Happy (almost) New Year, inklings!
I hope this post finds you warm and well and, if you’re an introvert like me, recovering from the hustle and bustle and surplus of social activities that accompany the season!
Ben and I just returned from celebrating Christmas in The Happiest Place on Earth – Disney World! We decided to skip town for a bit and enjoy one last trip together before our baby boy arrives in approximately 10 weeks!
Here are a few pics from the trip, plus a “bumpdate” of our growing progeny :-D.
And now, my beautiful bookworms, it’s time for another writing roundup where I share the writerly things I’ve found especially inspiring, helpful, encouraging and insightful over the last four weeks! From thought-provoking podcasts and creativity-stoking articles, to clever and innovative products, I’m positive you’ll find something that piques your curiosity and ups your writing game!
Without further ado, here’s my December roundup!

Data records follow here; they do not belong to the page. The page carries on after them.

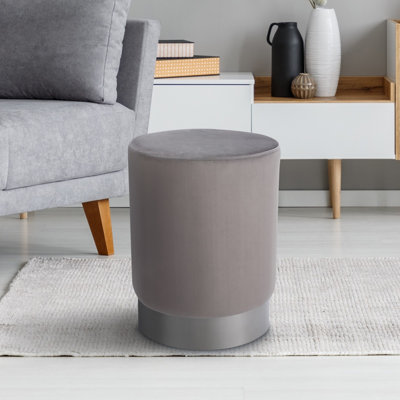 Velvet Ottoman
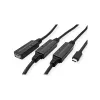 ROLINE USB aktyvus ilginimo laidas 12.04.1068 USB 3.2 Gen 1 20 m USB C USB A juodas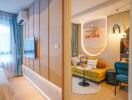 Cozy and Stylish Modern Bedroom with Elegant Decor
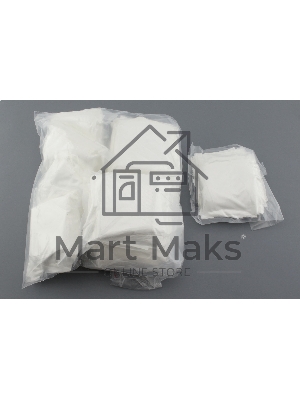 Безворсовая тряпка 90х90 белая 100 шт в упаковке 10 уп.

11 Writing Exercises (article)
Whether you’re writing recreationally or professionally, these exercises will help stoke your creativity, organize your brain, challenge you in fresh, beneficial ways, cure the most stubborn cases of writer’s block, and last but not least, help you cut down on those pesky adverbs!
Here’s my personal favorite, exercise #5:
Rewrite a Masterpiece or a Famous Story
Choose a famous masterpiece or classic novel (like Jane Austen’s Pride and Prejudice or Shakespeare’s Romeo and Juliet) and write your own version.
This is a great exercise because you can do it at almost any level: you could write a short story for children, or you could write a whole novel or screenplay. (Bridget Jones’s Diary, for instance, borrowed heavily from Pride and Prejudice; the children’s movie Gnomeo and Juliet is based, as you might guess, on Romeo and Juliet.)
You can do this with fairytales, too, like the story of Cinderella or Little Red Riding Hood. You might decide to bring the stories into the modern world – or you might switch to a completely different genre, like a Western version of Little Red Riding Hood or a sci-fi version of Cinderella.
Hopefully, you’ll think of some interesting ways to present an old story in a new way – great practice for avoiding clichés and stereotypes in your own writing.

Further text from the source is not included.